§ Assignment: Return only the lines below starting at the line containing "Salvage cars for" and ending at the line containing "2011 CHEVROLET MALIBU VIN: 1G1ZC5E12BF143828", both included, exactly as they are and with no pictures.

------ Given records

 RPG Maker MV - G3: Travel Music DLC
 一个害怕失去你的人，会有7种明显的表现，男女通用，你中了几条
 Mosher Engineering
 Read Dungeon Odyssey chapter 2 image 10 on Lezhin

------------
------ Given records

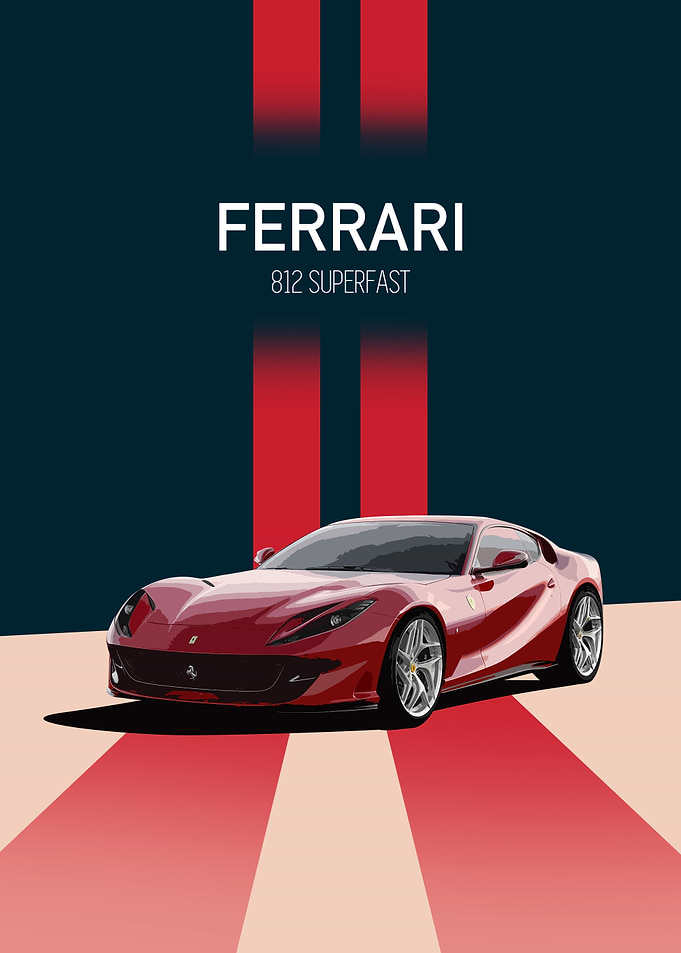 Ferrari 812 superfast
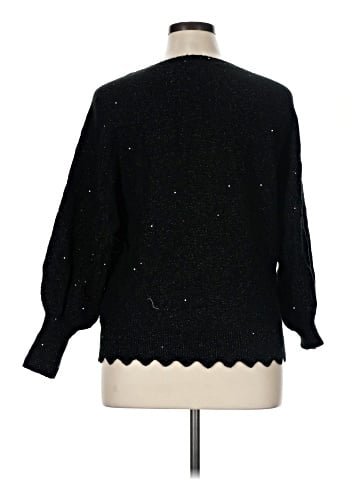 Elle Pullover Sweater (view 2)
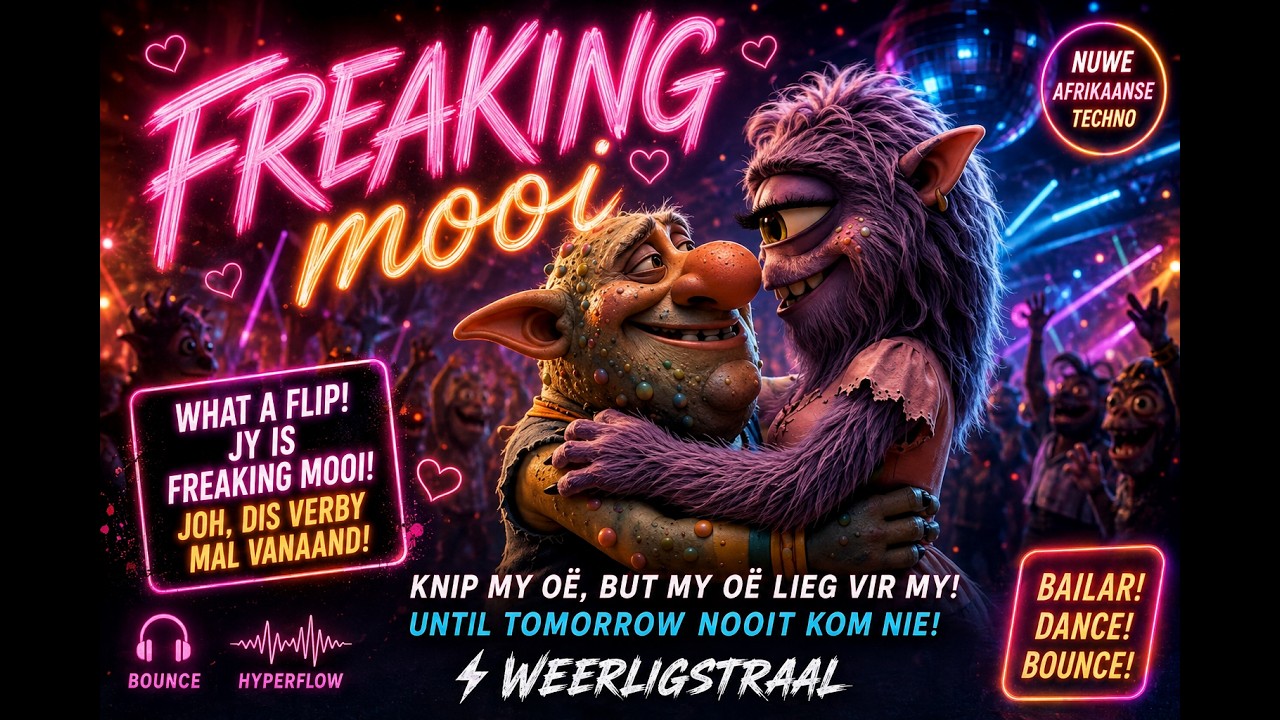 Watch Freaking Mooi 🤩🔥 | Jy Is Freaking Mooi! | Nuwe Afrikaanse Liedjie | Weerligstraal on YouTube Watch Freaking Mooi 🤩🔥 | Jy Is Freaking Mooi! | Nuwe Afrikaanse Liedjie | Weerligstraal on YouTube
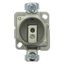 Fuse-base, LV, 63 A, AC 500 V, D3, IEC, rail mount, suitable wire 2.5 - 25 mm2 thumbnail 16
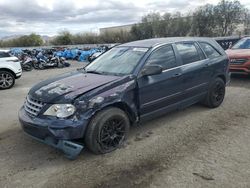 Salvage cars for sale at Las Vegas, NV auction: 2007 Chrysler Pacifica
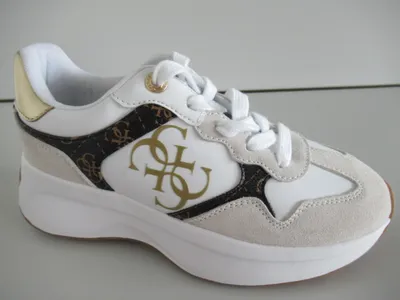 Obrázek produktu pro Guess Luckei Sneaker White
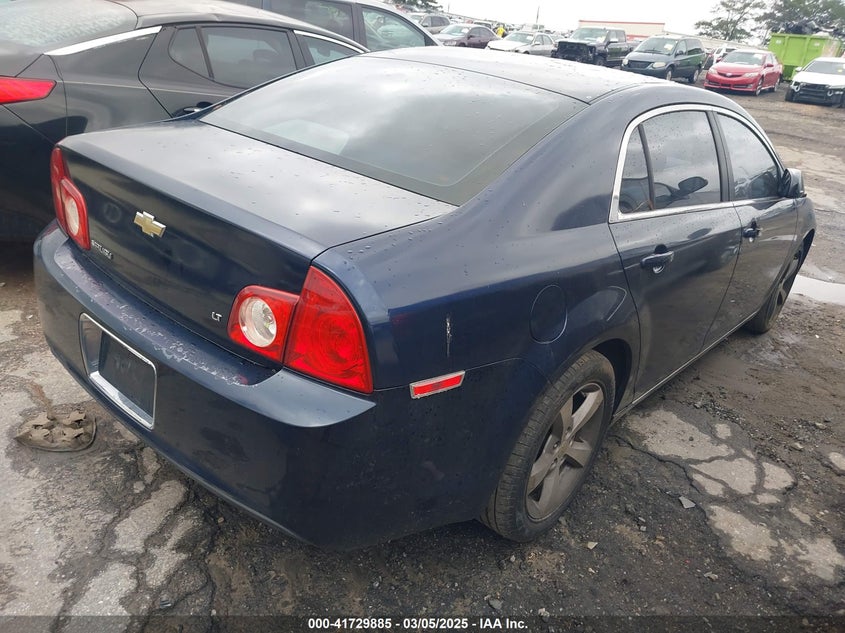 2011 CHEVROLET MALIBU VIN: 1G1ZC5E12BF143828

------------

§ The answer:
 Salvage cars for sale at Las Vegas, NV auction: 2007 Chrysler Pacifica
 Obrázek produktu pro Guess Luckei Sneaker White
 2011 CHEVROLET MALIBU VIN: 1G1ZC5E12BF143828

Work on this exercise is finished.